# How high to hang 4x24 watt t5s over 30" long x 20" tall tank?



## JustLikeAPill (Oct 9, 2006)

I've got a nove extreme fixture with individual reflectors. It's 24 inches long but didn't know if I could hang it over a tank 30 inches long and 8 inches wide, and how high should it be to avoid shadows? I'm thinking of having a tank of these dimensions made and don't want to upgrade my lighting. 

What kind of plants would I be able to grow? I'd like to grow HC and eriocaulon if possible.

Would it be better to stick with a 60-p? I just added six inches to the dimensions of the 60-p in order to keep the ratio but would like a wider tank that's 18" wide.

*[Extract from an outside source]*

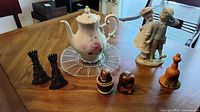 All items displayed on table: teapot, figurine, candlesticks, three visible nesting dolls, ceramic bell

I also considered a 24x18x18 tank.

Thanks,

Clint


----------



## khanzer22 (Nov 30, 2009)

The light fixture (w/ T5HO bulbs) you have will give you very high light (4 bulbs on) even over a 30" long aquarium... I guess you should hang it at least about 6" high to cover the tank's area... 

Plant-wise, you can grow almost everything under this light in conjunction with pressurized CO2 and good fertilization...

I can't suggest/comment about ADA tanks because I don't have rimless tanks but would love to have one (hopefully!)


----------